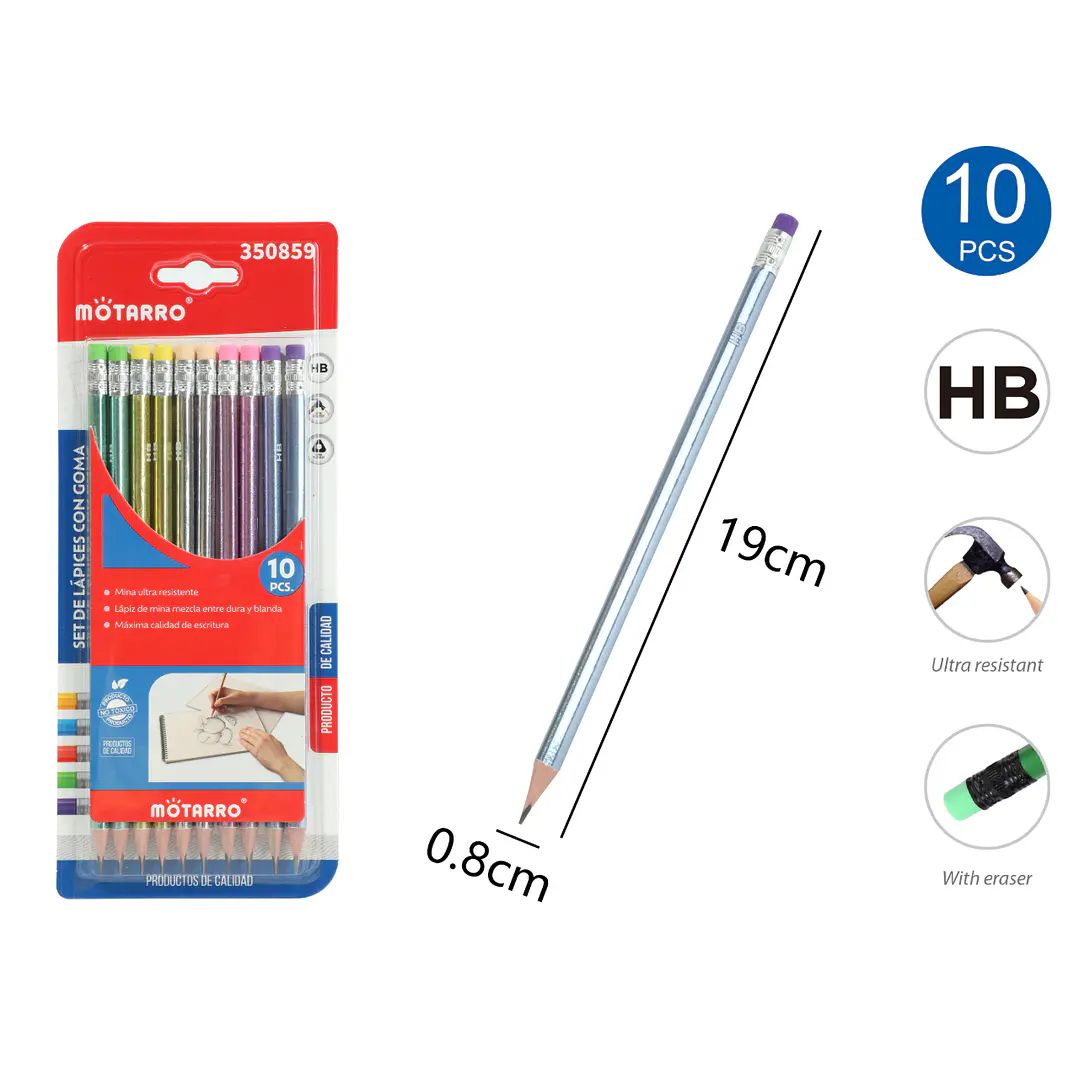 Lapices Grafitos Hb Glitter 19Cm 10 Unidades 1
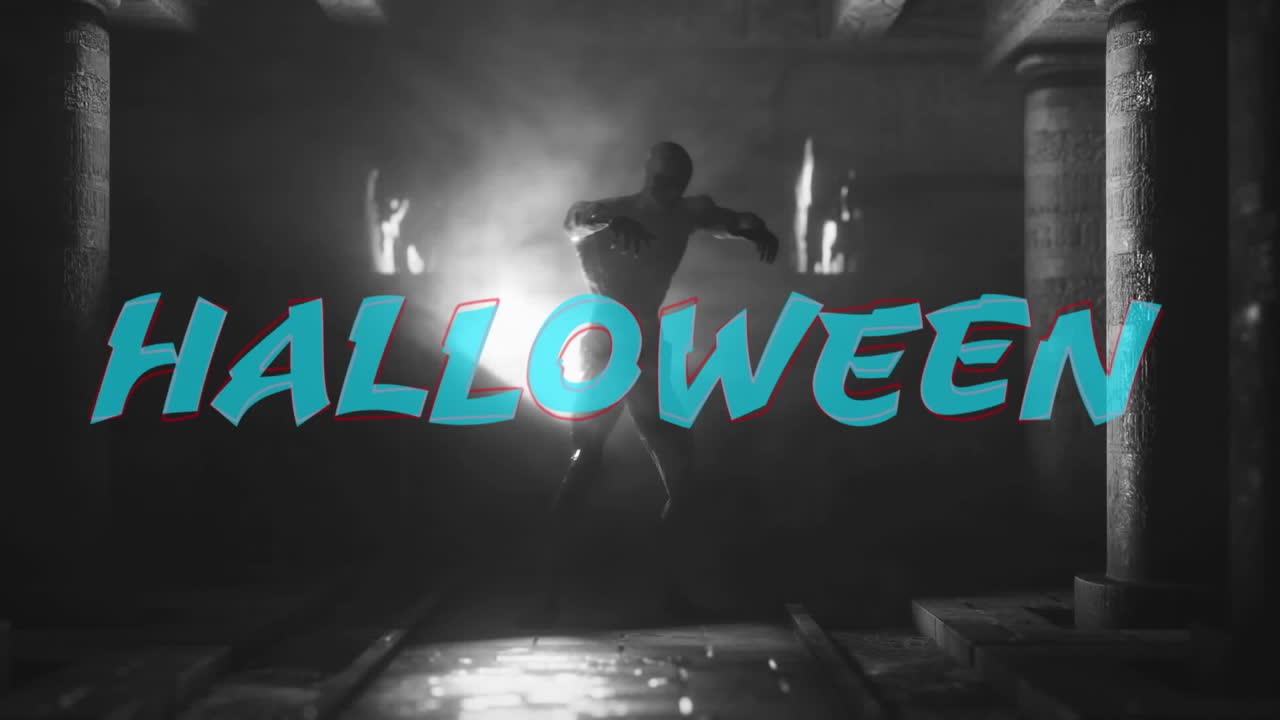 animación del texto de halloween sobre la caminata de zombis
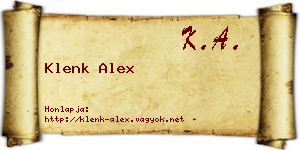 Klenk Alex névjegykártya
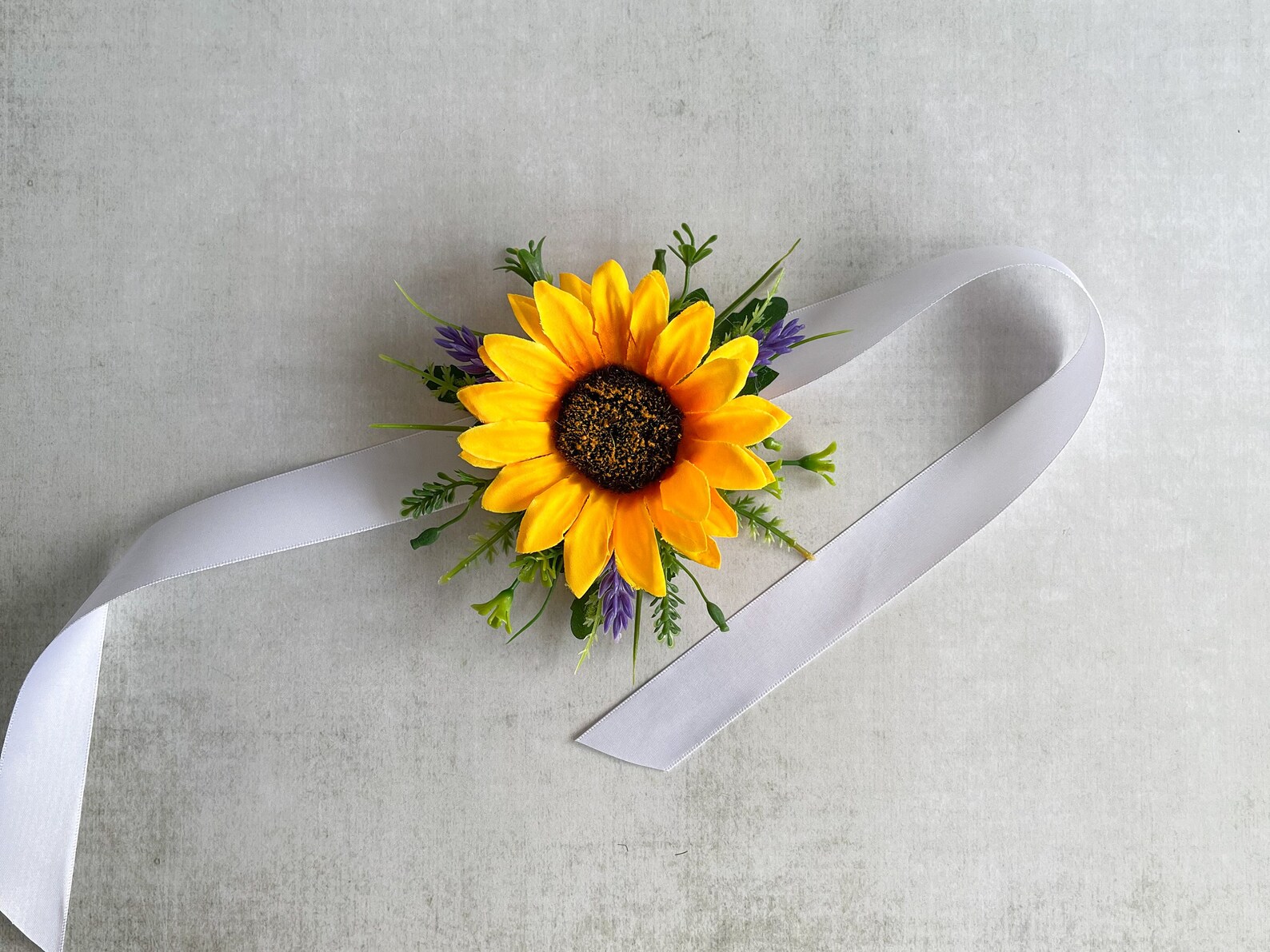Big Sunflower Wrist Corsage Rustic Sunflower Boutonnières Etsy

* What to work on: Copy out the listing above in full and leave out its pictures.

* Answer section:
 Lapices Grafitos Hb Glitter 19Cm 10 Unidades 1
 animación del texto de halloween sobre la caminata de zombis
 Klenk Alex névjegykártya
Big Sunflower Wrist Corsage Rustic Sunflower Boutonnières Etsy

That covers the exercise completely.